The 3D model I made for this project is for now unfortunately much cooler than the project itself. To live up to the immensely cool three claws tearing through a sheet of A4 paper I have decided to make this program even more useful and modern. And maybe even make it using a language other than Python if I'm feeling explorative that day.

The other projects I have are far more involved than this one!

Coral Death

In this project I wanted to task myself with sharpening up my machine learning expertise with publically available coral bleaching data. It wasn't hard to find a scientific site that had the CSVs available for downloading. I had never used Flask nor had I ever used machine learning for anything real before so it was quite the exercise.

ML Pipeline

I had decided to use the commonly used Anacondas and after doing basic ETL using Pandas I managed to make a very coherent and well tidied CSV file for ingestion in my ML model. Since this was such a rudimentary exercise I wasn't to experienced with making a very coherent observational trend of how bleached the coral ecosystem was going to be come 20xx. This was compounded by the fact that much of the data from the 1960s-1980s were quite incomplete as perhaps not many people thought it prudent to check the different coral reefs for bleaching. It was certainly not as severe back then.

Flask

After I had my data I thought of how to plot it. A few columns in the CSV were dedicated to the latitude and longitude of each coral reef checked for bleaching, so I had the idea of using Plotly to map it on a globe with a slider to show the future 'predicted' progression of bleaching.

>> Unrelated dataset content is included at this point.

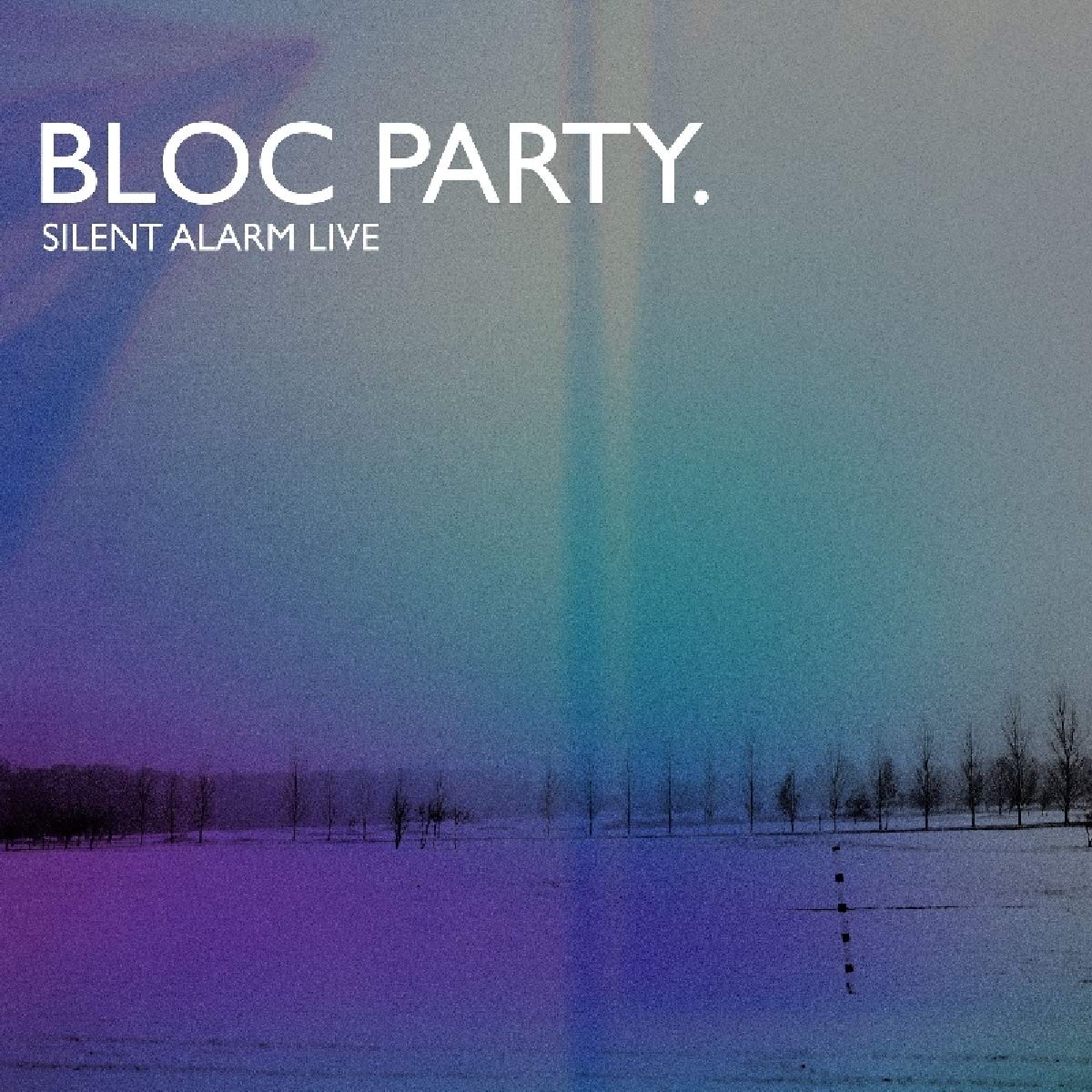 Bloc Party - Silent Alarm Live - BROKEN 8 RECORDS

I then had a dedicated page to show my exact process of how I came to the conclusion I did with the data I had found. It outlines the entire process from beginning to end, even including the Pandas command run. It was quite detailed.

The link below is the repository for the project as the site itself no longer exists. Perhaps if you cloned it and managed to get it to run you can see the page with a more detailed outline -- "Coral-Death/pages/process.py" specifically, here where there is a large chunk of markdown that describes my process while using the image assets.

J-Comm

ジェイ・コム

The J-Comm ecosystem didn't begin in earnest until the late 10's but its inception was in 2012. I decided it was high time to put myself on the world wide web outside of the rapidly toxifying social media environment -- my html Myspace in 2005 was not going to cut it. My first iteration of my website was blootron.com; a small static site made by me just writing HTML and CSS with bootstrap as a simple enchancer. I felt very proud of that fledgling site. Many iterations after I would experiment artistically with what it should look like, but always avoided Javascript as I thought it really had no place on any website I created. So I got really good at writing raw HTML and CSS, a skill that's 'haunted' me to this day.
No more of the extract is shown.